Your task is to restate the data word for word.

(Given data):

────────

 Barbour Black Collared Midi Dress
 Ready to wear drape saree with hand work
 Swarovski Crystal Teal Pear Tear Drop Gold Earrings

────────

(Response to the task):
 Barbour Black Collared Midi Dress
 Ready to wear drape saree with hand work
 Swarovski Crystal Teal Pear Tear Drop Gold Earrings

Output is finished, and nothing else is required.